◆ Task requirements
Copy out the listing that follows, exact in every word, and skip the images.

◆ Data excerpt
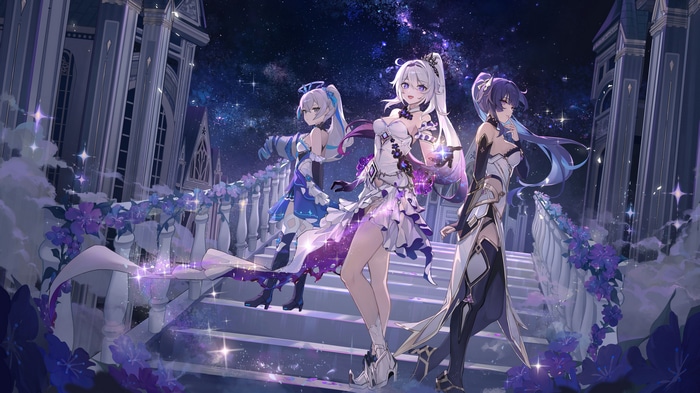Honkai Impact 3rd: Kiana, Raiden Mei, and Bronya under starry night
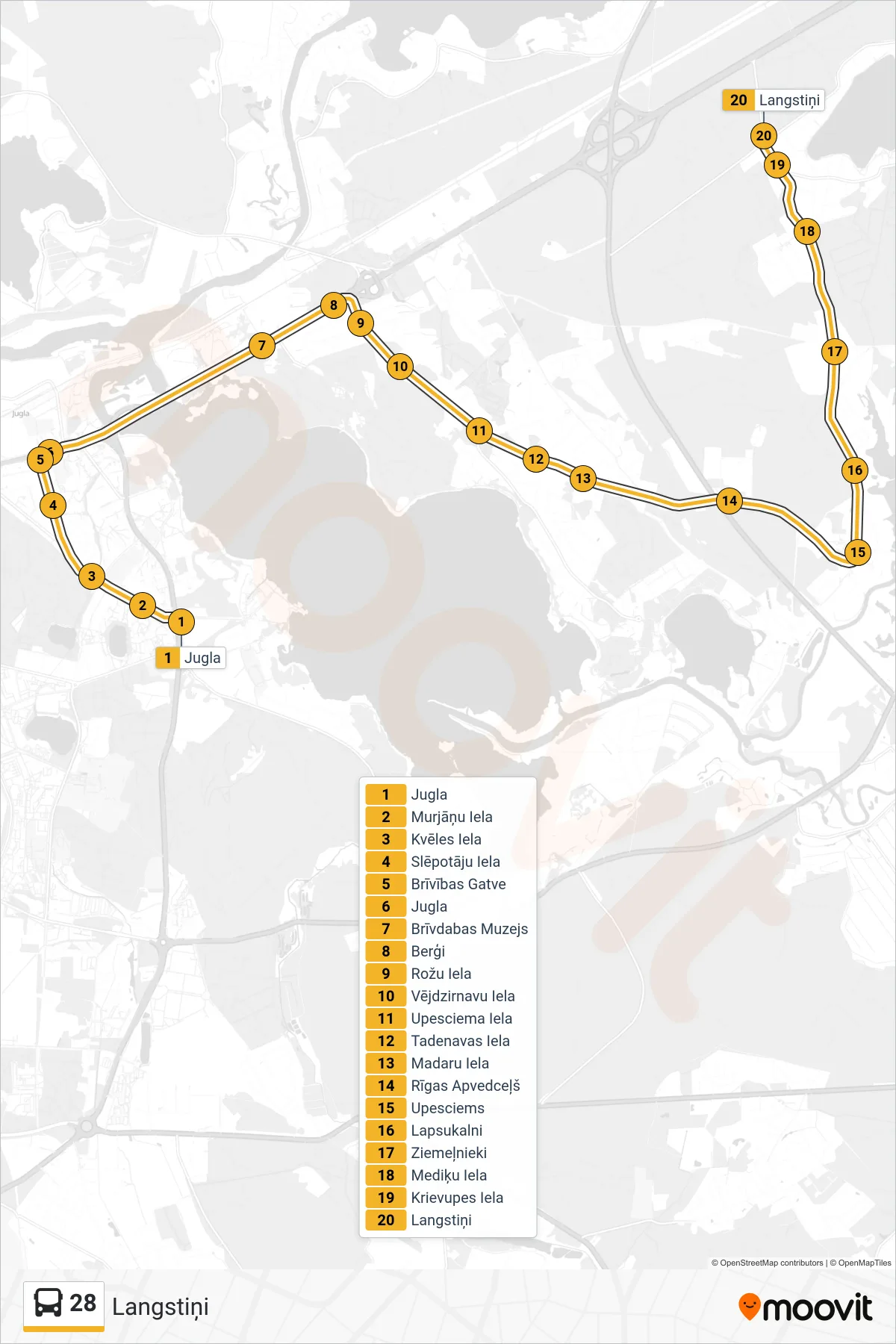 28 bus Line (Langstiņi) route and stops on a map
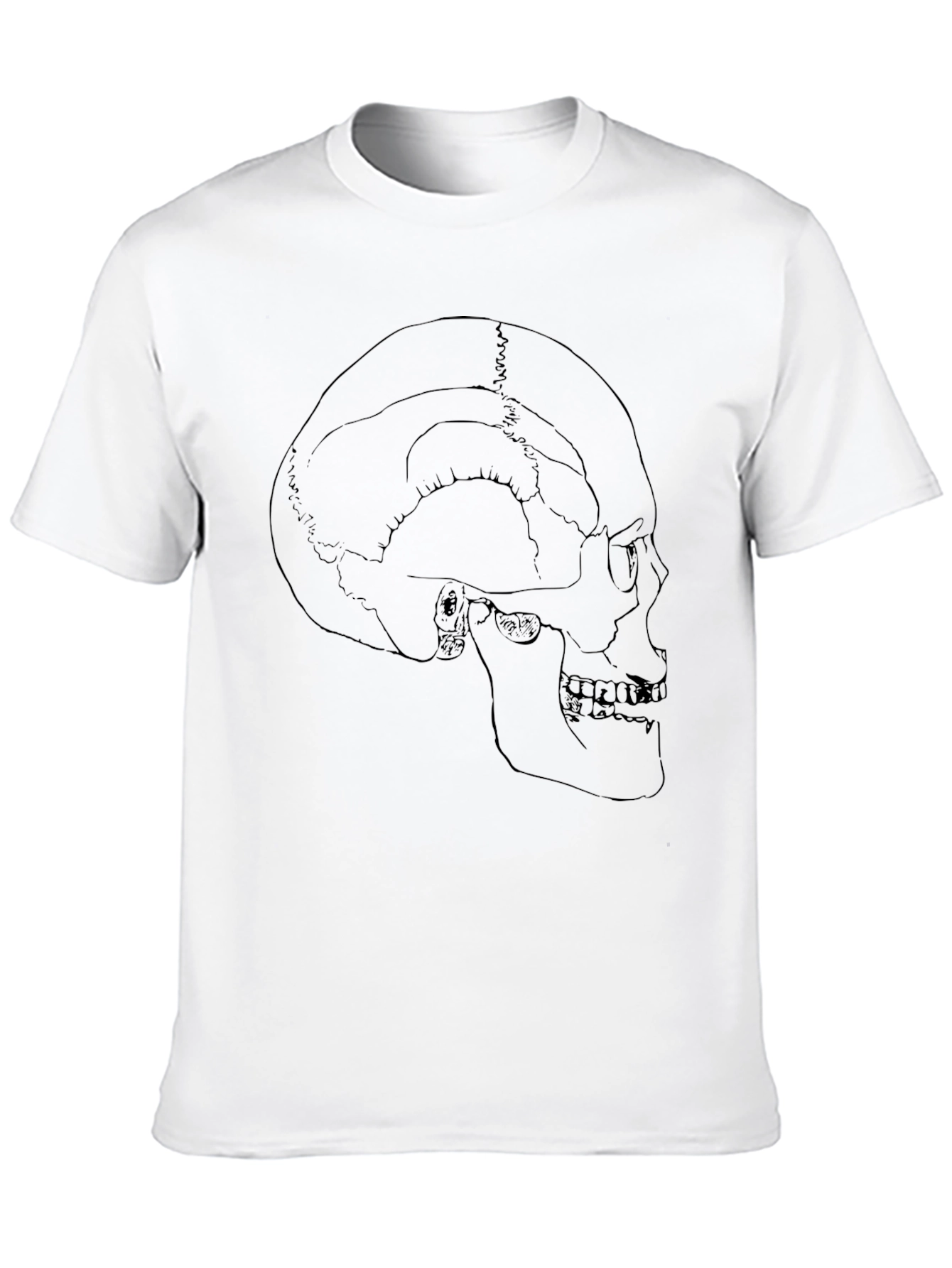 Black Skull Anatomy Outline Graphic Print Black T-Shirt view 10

◆ Solution to the exercise
Honkai Impact 3rd: Kiana, Raiden Mei, and Bronya under starry night
 28 bus Line (Langstiņi) route and stops on a map
 Black Skull Anatomy Outline Graphic Print Black T-Shirt view 10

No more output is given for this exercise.